Namun, akibat dari pernyataan Puan, muncul reaksi dari banyak kalangan. Dari 
komentar yang menyayangkan, kecaman, hingga pelaporan ke polisi. PKB yang 
awalnya menjadi bagian dari partai koalisi pendukung pasangan Mulyadi-Ali 
Mukhni mencabut dukungannya. Puncaknya, Mulyadi-Ali Mukhni mengembalikan surat 
dukungan dari PDIP. Pasangan ini memutuskan hanya didukung oleh Partai Demokrat 
dan PAN.

Pernyataan Puan dianggap mengusik rasa nasionalisme masyarakat Minangkabau. 
Tentunya pernyataan itu, meski spontan, tidak muncul begitu saja. Bisa jadi ada 
kesadaran yang terbangun dari Puan karena kelompok nasionalis berkali-kali 
kalah dalam kontestasi politik di sana. Saat pilpres pada 2014, Jokowi yang 
didukung oleh koalisi yang dipimpin PDIP hanya memperoleh 22% suara. Pada 2019, 
suara itu justru melorot hingga tersisa 14,05 %.

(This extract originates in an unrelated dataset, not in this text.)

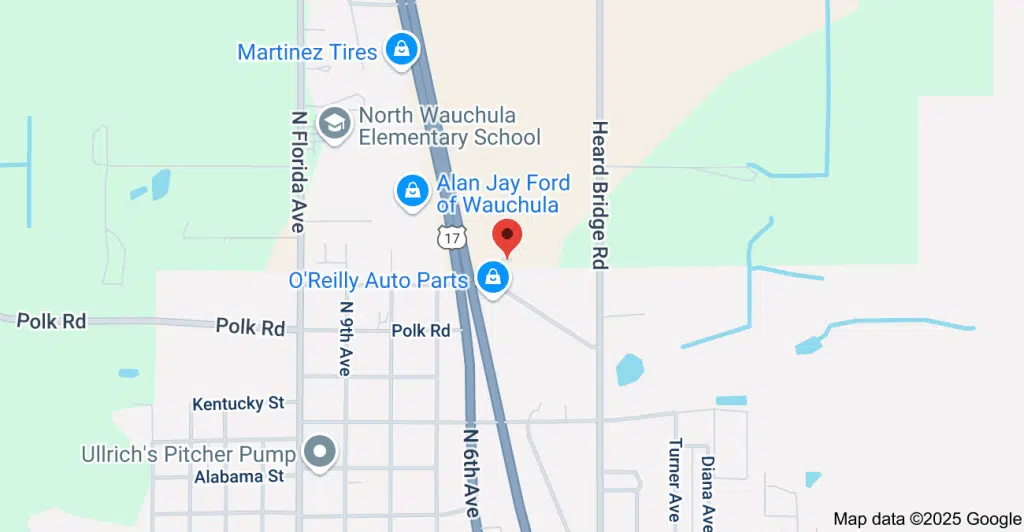 Tri-County Human Services Outpatient Clinic building in Wauchula, Florida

Dukungan 12 kepala daerah serta pengalokasian dana yang besar untuk pembangunan 
infrastruktur di provinsi itu tidak berimbas pada perolehan suara Jokowi di 
pilpres terakhirnya.

Barangkali Jokowi juga heran, namun tidak diungkapkannya ke publik. Tetapi 
pertanyaan Megawati menjadi lebih penting dari sisi politik, mengingat PDIP 
merupakan the rulling party, ketimbang Jokowi yang hanya tinggal menyelesaikan 
periodenya hingga 2024. Megawati sepertinya melihat spektrum politik dalam 
perspektif yang lebih luas. Bukan hanya sebatas jumlah DPT di Sumbar yang 
relatif kecil dan tidak signifikan.

Kemenangan politik dengan dalam demokrasi liberal memang hanya ditentukan oleh 
kuantitas, abai pada kualitas. Pengabaian kualitas inilah yang berakibat 
panjang, dan situasi kebangsaan saat ini menunjukkan konsekuensi itu. 
Terbelahnya masyarakat karena politik identitas dikhawatirkan akan semakin 
menggerus nasionalisme. Sementara di sisi lain ada yang tetap mendapatkan 
keuntungan dari berbagai peristiwa politik dan sosial yang terjadi.

Diferensiasi Urang Minang

Sumbar memiliki diferensiansi kultural dan politik yang asimetris dengan 
wilayah lainnya. Secara kultur masyarakat Sumbar menganut asas matrilineal, di 
mana kaum perempuan memiliki determinasi dalam adat. Maka tidak heran jika 
beberapa tokoh perempuan Sumbar muncul di pentas sejarah nasional, seperti 
Rohana Kudus, Rasuna Said, Rahma El Yunusiah, dan seterusnya.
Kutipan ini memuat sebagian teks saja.